WHAT THE TASK ASKS — From the line that holds "Disruptor Flute (Extended" down to the last line of the listing below, transcribe exactly and only those lines. Leave pictures out.

DATA PROVIDED —
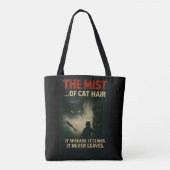 The Mist of Cat Hair Horror Parody Tote Bag (Achterkant)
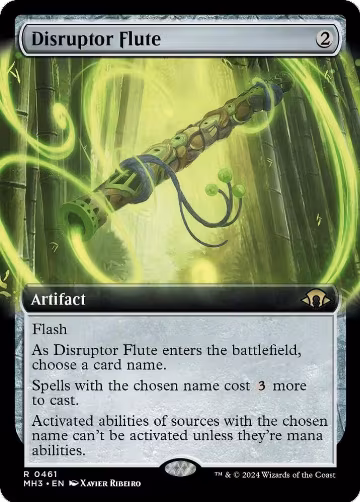 Disruptor Flute (Extended Art) (461), Modern Horizons 3 — Magic card price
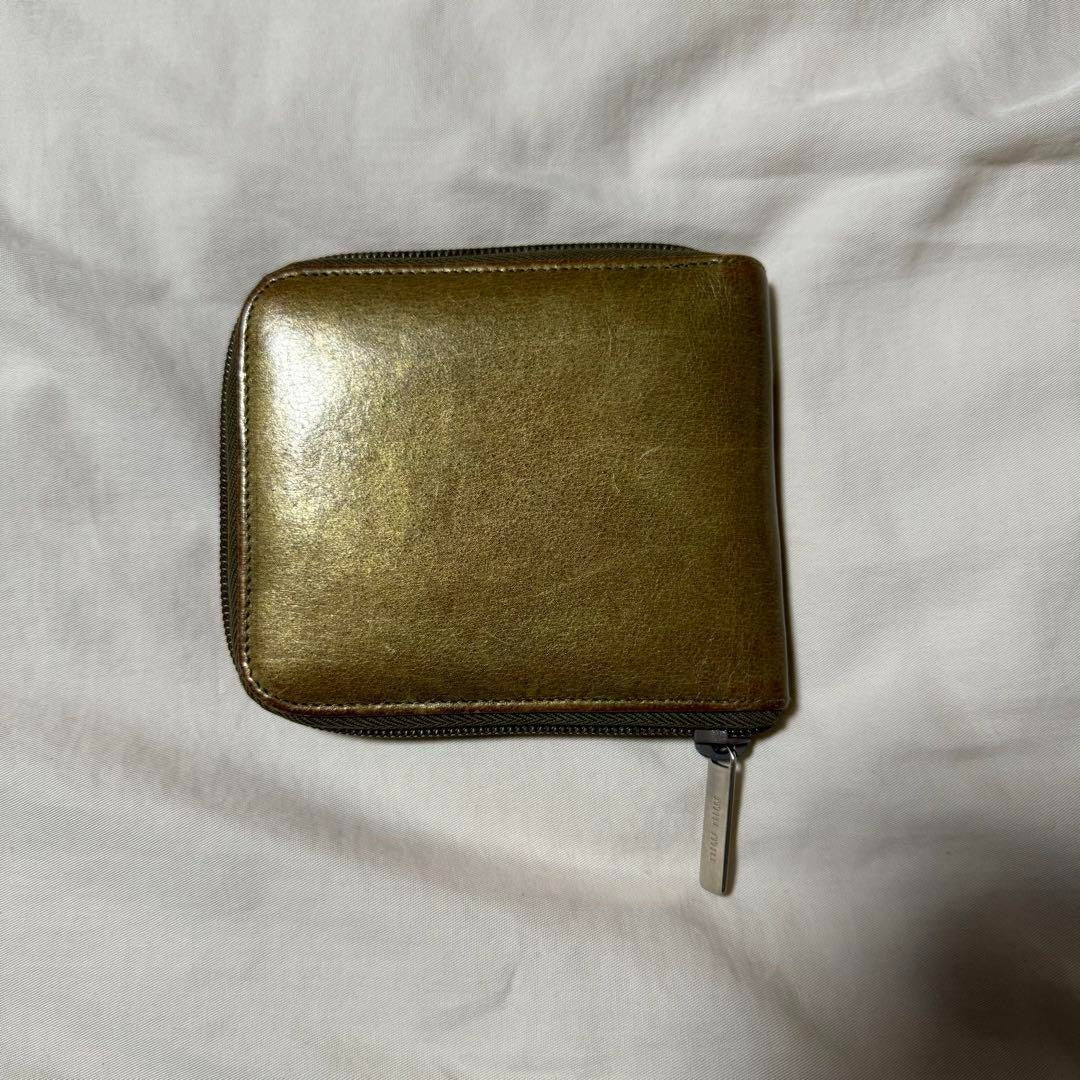 Miu Miu 90S Metallic Leather Wallet Luxury Limited Edition Designer Rare Model V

SOLUTION FOR THIS EXERCISE —
 Disruptor Flute (Extended Art) (461), Modern Horizons 3 — Magic card price
 Miu Miu 90S Metallic Leather Wallet Luxury Limited Edition Designer Rare Model V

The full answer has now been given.